Die Nutzung des auf dem Grundstück des Klägers befindlichen Holzschuppens als Stall zur Ziegen- und Schafhaltung ist formell und materiell rechtswidrig.

1. Maßgeblicher Zeitpunkt für die Beurteilung der Rechtslage ist hier der Beginn der Ziegenhaltung im Holzschuppen des Klägers im Jahre 1993. Dies deshalb, weil ab diesem Zeitpunkt unstreitig eine Ziegenhaltung auf dem Grundstück des Klägers stattfindet. Für eine vor diesem Zeitpunkt schon einmal stattgefundene Nutzung des Holzschuppens als Stall existieren keinerlei Beweise, lediglich die Behauptung des Klägers, daß auf Grund angeblich vorhandener Anbindevorrichtungen eine entsprechende Nutzung als Stall zu einem früheren Zeitpunkt stattgefunden hat. Allein aufgrund des Vorhandenseins von Anbindevorrichtungen kann nicht notwendigerweise darauf geschlossen werden, daß hier bereits eine Nutzung als Stall, schweige denn als Ziegenstall, vorlag.

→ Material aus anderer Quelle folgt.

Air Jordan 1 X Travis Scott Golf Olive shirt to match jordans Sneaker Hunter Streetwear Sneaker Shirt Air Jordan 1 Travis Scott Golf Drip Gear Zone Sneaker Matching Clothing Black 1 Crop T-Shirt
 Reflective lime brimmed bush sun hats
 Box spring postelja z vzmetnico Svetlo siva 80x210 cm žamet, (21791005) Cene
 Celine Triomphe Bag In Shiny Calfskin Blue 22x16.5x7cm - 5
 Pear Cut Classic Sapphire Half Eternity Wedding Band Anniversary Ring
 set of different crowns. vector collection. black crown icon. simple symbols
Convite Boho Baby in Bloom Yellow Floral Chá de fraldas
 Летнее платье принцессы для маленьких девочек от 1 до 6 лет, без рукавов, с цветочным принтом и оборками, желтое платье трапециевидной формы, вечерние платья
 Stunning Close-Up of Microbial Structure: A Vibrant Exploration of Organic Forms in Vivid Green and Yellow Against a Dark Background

a) Vielmehr ergibt sich aus der von der Beklagten vorgelegten wortgetreuen Abschrift vom 31.07.1997, daß eine auf Freipfosten stehende Fass- und Holzremise von 8 m Länge, 3 1/2 m Breite und 4 m Höhe erstellt wurde. Allein aus dieser Tatsache folgt schon der Beweis des ersten Anscheins, daß diese Remise in der Folgezeit auch entsprechend ihrem ursprünglichen Zweck genutzt wurde.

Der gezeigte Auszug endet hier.